Fueled by a fundamental belief that having access to financial services creates opportunity, PayPal (NASDAQ: PYPL) is committed to democratizing financial services and empowering people and businesses to join and thrive in the global economy. Our open digital payments platform gives PayPal’s 267 million active account holders the confidence to connect and transact in new and powerful ways, whether they are online, on a mobile device, in an app, or in person. Through a combination of technological innovation and strategic partnerships, PayPal creates better ways to manage and move money, and offers choice and flexibility when sending payments, paying or getting paid. Available in more than 200 markets around the world, the PayPal platform, including Braintree, Venmo and Xoom enables consumers and merchants to receive money in more than 100 currencies, withdraw funds in 56 currencies and hold balances in their PayPal accounts in 25 currencies.
The Global Governance Risk and Compliance (GGRC) Testing Team is seeking a Risk & Compliance IT/Privacy Tester to support the Independent Testing Program within the Second Line of Defense (SLOD). This position will be primarily responsible for designing and executing testing engagements and partnering with Subject Matter Experts and other testing teams to ensure that SLOD testing is completed in an effective, efficient, and timely manner.

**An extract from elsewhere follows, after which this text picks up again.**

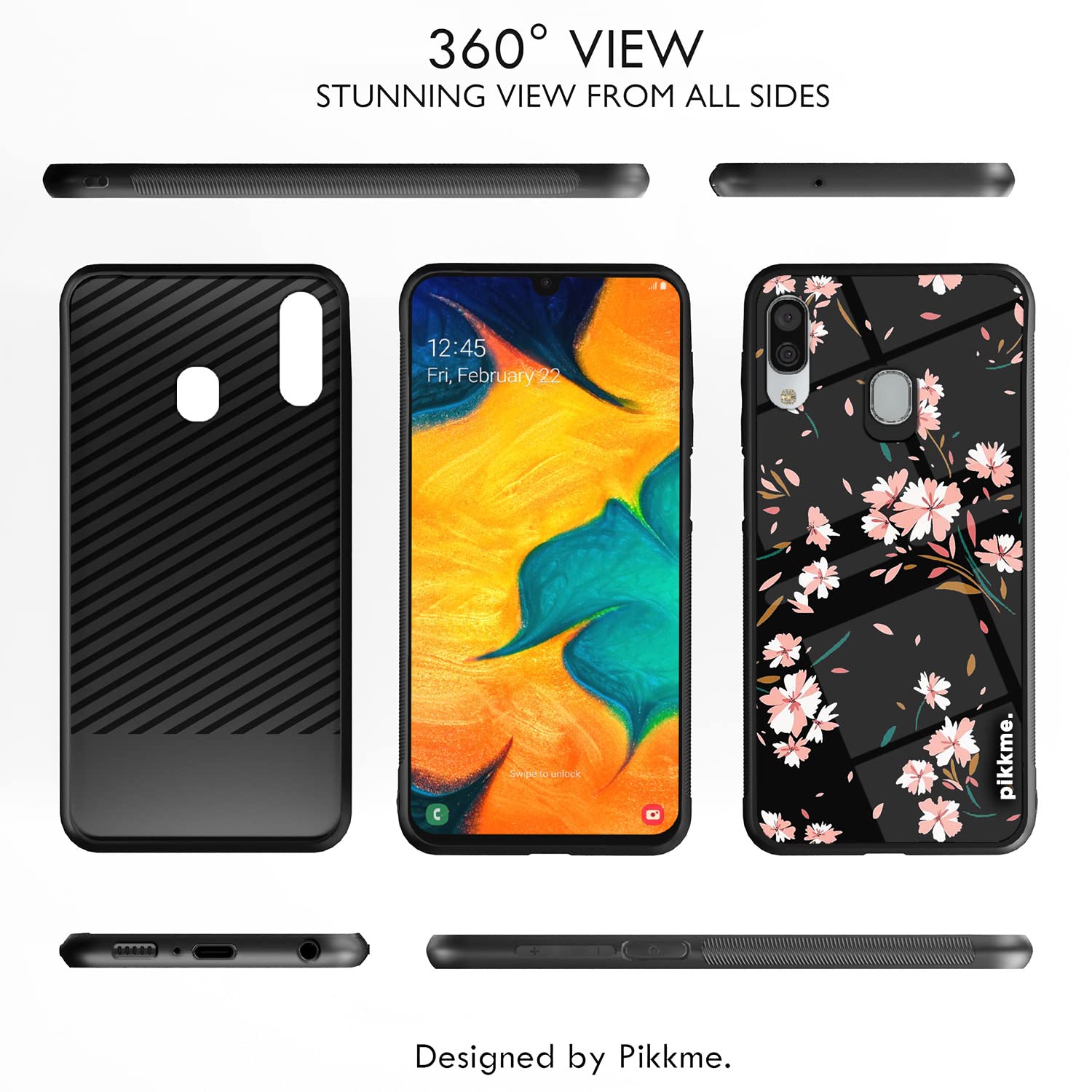 Pikkme Samsung A20/A30/M10s Flower mobile back cover – photo 2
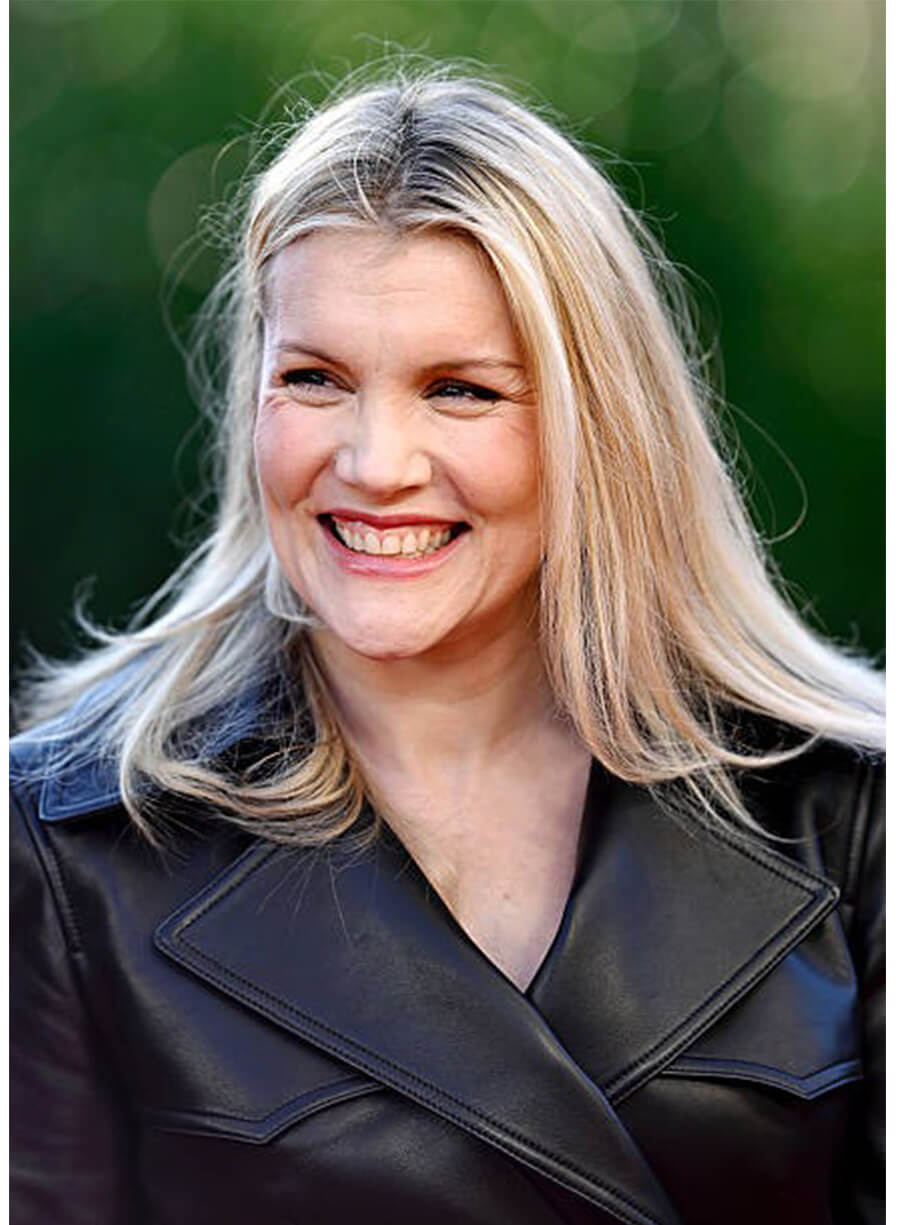 Emerald Fennell Wuthering Heights 2026 Event Black Leather Coat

This role requires a self-starter with the ability to operate independently and manage multiple competing priorities with difficult deadlines.
Primary Job Responsibilities:
• Serve as the Compliance SLOD Subject Matter Expert/Point of Contact for testing of IT and Privacy processes.
• Design SLOD testing engagements
• Support and maintain regular reporting as prescribed within the program
• Coordinate with SMEs to ensure testing results are disseminated to the appropriate decision makers in a timely manner.
• Handle both proactive and reactive needs arising from additional oversight and manage corresponding take away items.
• Must have a strong understanding of regulatory requirements and compliance testing design, management and execution.
• Know and support company and departmental procedures; regularly review and ensure that specialists follow procedures, process flows and guidelines.
• Champion change in organization by supporting others through the phases of change, communicate positively and consistently through the change
• Create an inclusive and trusting work environment and culture so specialists are motivated to perform at their highest level while bringing the best of themselves to work
• Must have a strong understanding of business controls, IT & Privacy regulatory requirements and testing design, management and execution.
• Demonstrated analytical, cross-referencing and deductive reasoning skills.
• Strong project management organizational, communication, presentation and interpersonal skills.
• Skill in focusing on desired results, determining what is important and urgent, clarifying next steps, and delegating effectively to meet deadlines and achieve desired results.
• Able to maintain composure under pressure and make sound decisions.
• Must display professional judgment, commitment, integrity, teamwork, and customer service.
• Basic Knowledge of internal systems and software (Admin Tools, CSA, FDR, Norkom, etc), and the ability to learn and adapt to new internal processes and systems.
• Proficient in the use of a personal computer and its applications, including Windows and Windows based applications (Word, Excel, Power Point, etc).
• Thrives working in a fast-paced environment while maintaining composure and able to make sound decisions under pressure.
• Strong communication skills in all formats (verbal, written) and ability to effectively communicate with direct reports, peer team leaders and business unit management.
• 3+ years of experience with Big Four, internal audit, and/or testing with a focus on Information Security, IT, and Data Protection.
• Familiarity with SSAE16 SOC1/SOC2, PCI and standards such as NIST and ISO
• Familiarity with E.U. data protection and privacy regulations, such as such as PSD2 and GDPR
• Familiarity with U.S. privacy regulations is a plus.
• Big 4, or management/IT consulting experience
• CISSP, CISM, CISA, CIPP and similar certifications
• Understanding of fintech, e-commerce, cloud computing, operating systems, web technologies and enterprise securityarchitecture.
• Familiar with Risk Management, ITIL, ISO 27k, ethical hacking concepts
• Experience with business continuity planning and testing, third-party security management, and secure build methodologies
• BS degree in Computer Information Systems, Computer Science or relevant or related field
We're a purpose-driven company whose beliefs are the foundation for how we conduct business every day. We hold ourselves to our One Team Behaviors which demand that we hold the highest ethical standards, to empower an open and diverse workplace, and strive to treat everyone who is touched by our business with dignity and respect. Our employees challenge the status quo, ask questions, and find solutions. We want to break down barriers to financial empowerment. Join us as we change the way the world defines financial freedom.
PayPal provides equal employment opportunity (EEO) to all persons regardless of age, color, national origin, citizenship status, physical or mental disability, race, religion, creed, gender, sex, pregnancy, sexual orientation, gender identity and/or expression, genetic information, marital status, status with regard to public assistance, veteran status, or any other characteristic protected by federal, state or local law. In addition, PayPal will provide reasonable accommodations for qualified individuals with disabilities.